### EXERCISE DATA
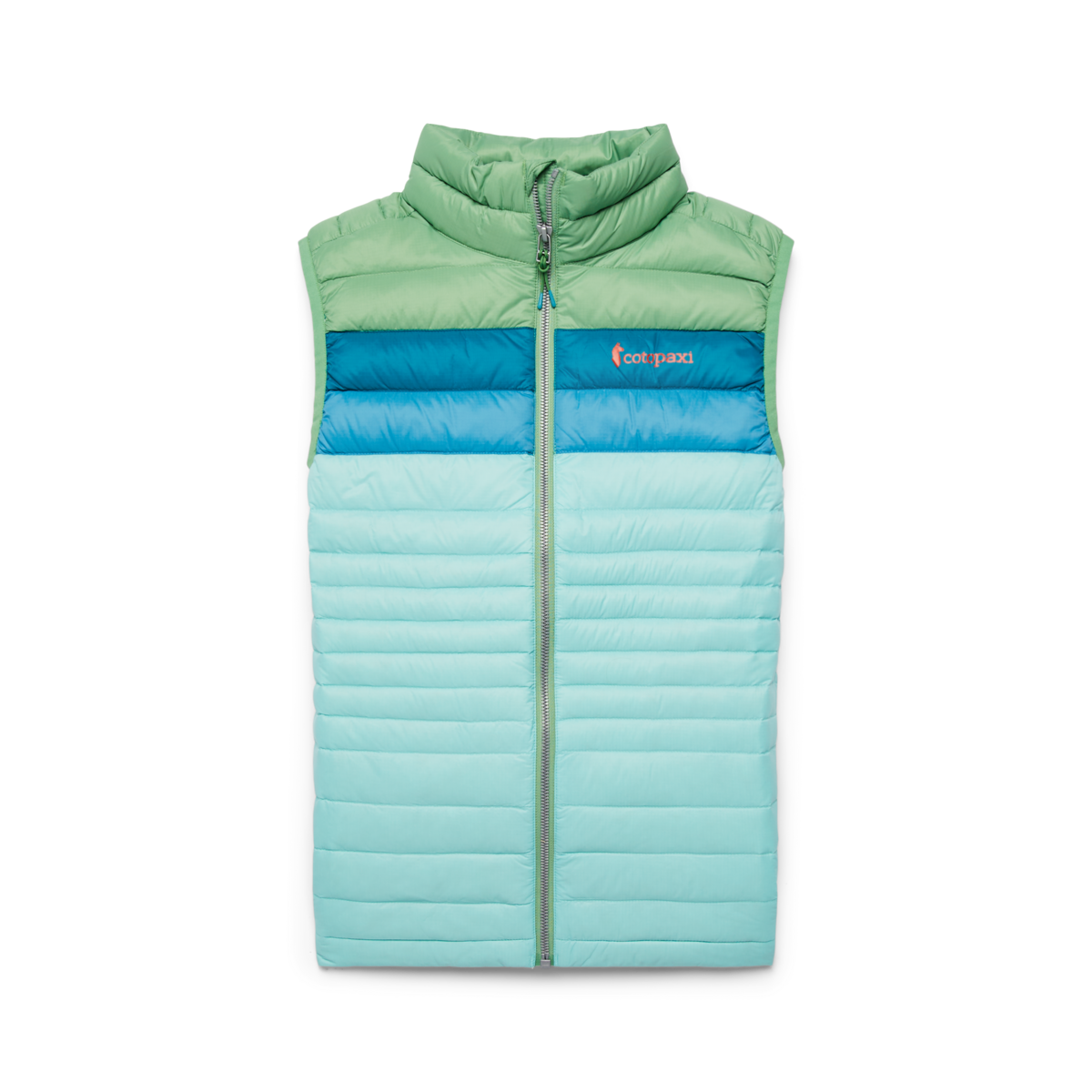 Fuego Down Vest - Women's, Kelp/Sea Glass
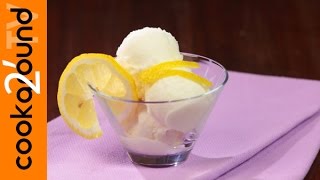 Come fare il gelato al limone / Ricetta veloce
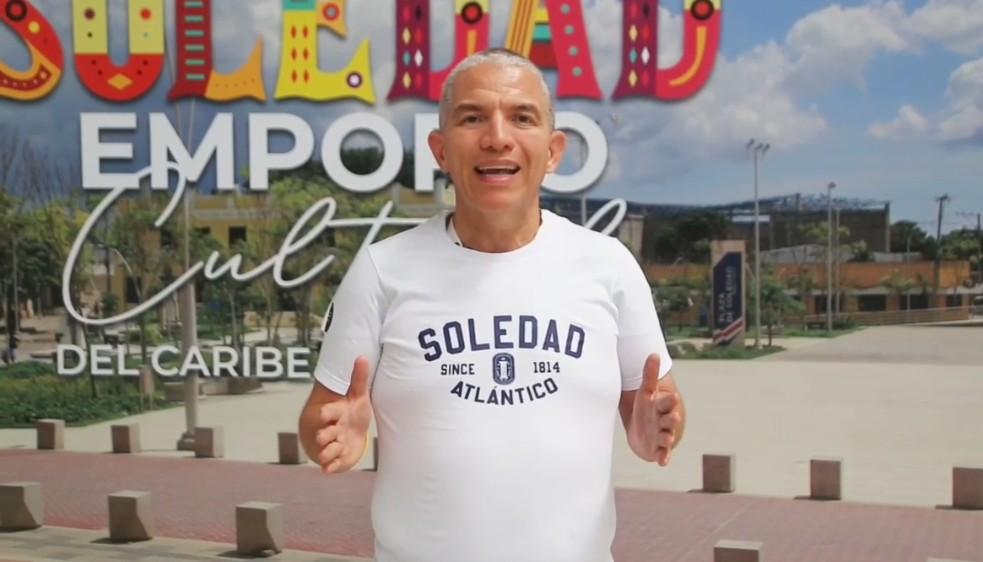 Edison Barrera Reyes  secretario de salud de Soledad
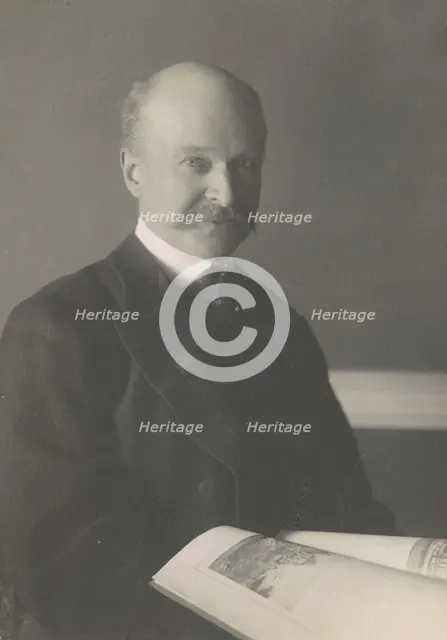 Charles Follen McKim, between c1890 and 1909. Creator: Frances Benjamin Johnston.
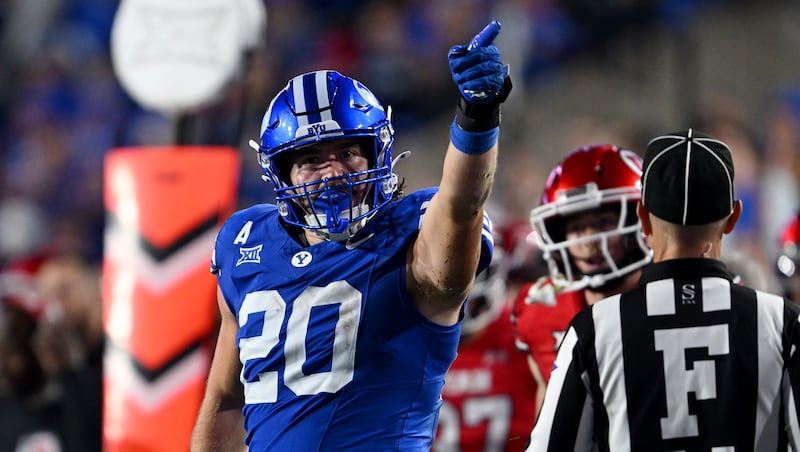 BYU’s Carsen Ryan selected by Cleveland Browns in seventh round of NFL draft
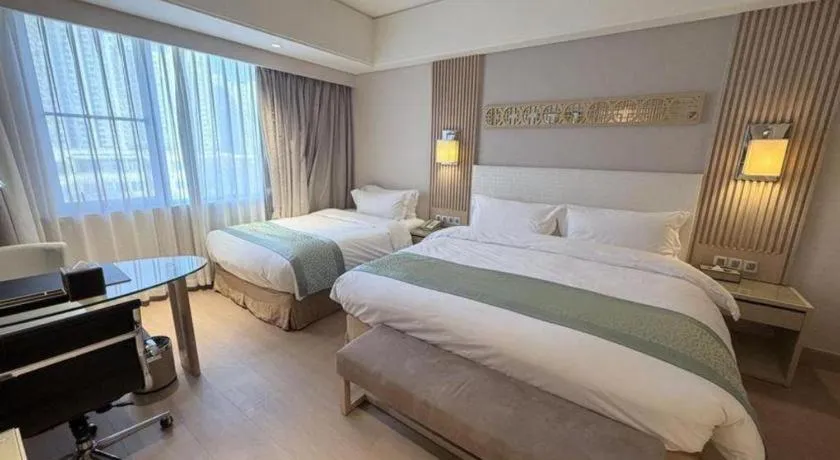 Bed in Datong Hotel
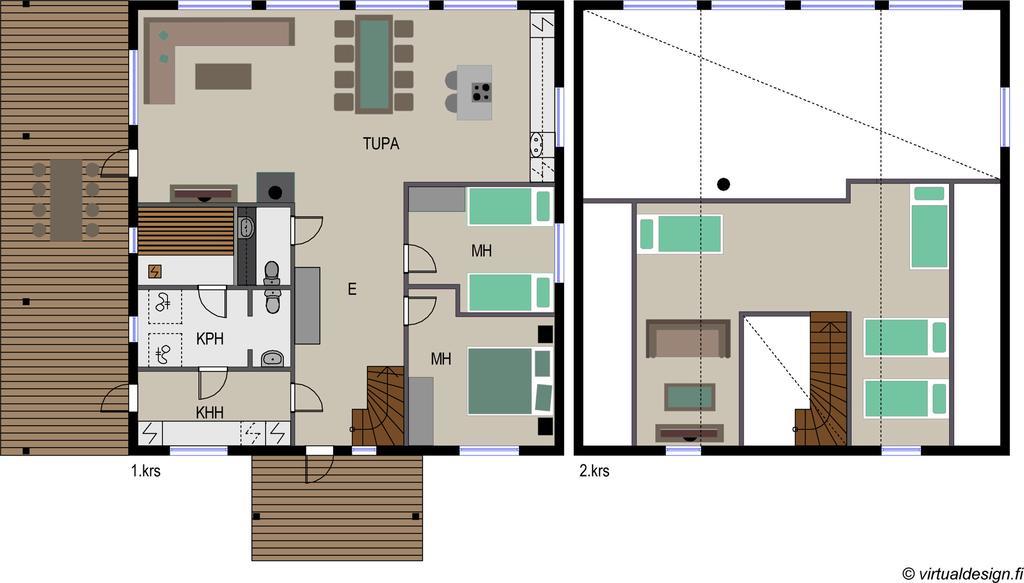 Villa Polaris Sappee Phòng bức ảnh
######
> [WHAT NEEDS TO BE DONE]
Give back the records above exactly, with no pictures.

> [YOUR SOLUTION]
 Fuego Down Vest - Women's, Kelp/Sea Glass
 Come fare il gelato al limone / Ricetta veloce
 Edison Barrera Reyes  secretario de salud de Soledad
 Charles Follen McKim, between c1890 and 1909. Creator: Frances Benjamin Johnston.
 BYU’s Carsen Ryan selected by Cleveland Browns in seventh round of NFL draft
 Bed in Datong Hotel
 Villa Polaris Sappee Phòng bức ảnh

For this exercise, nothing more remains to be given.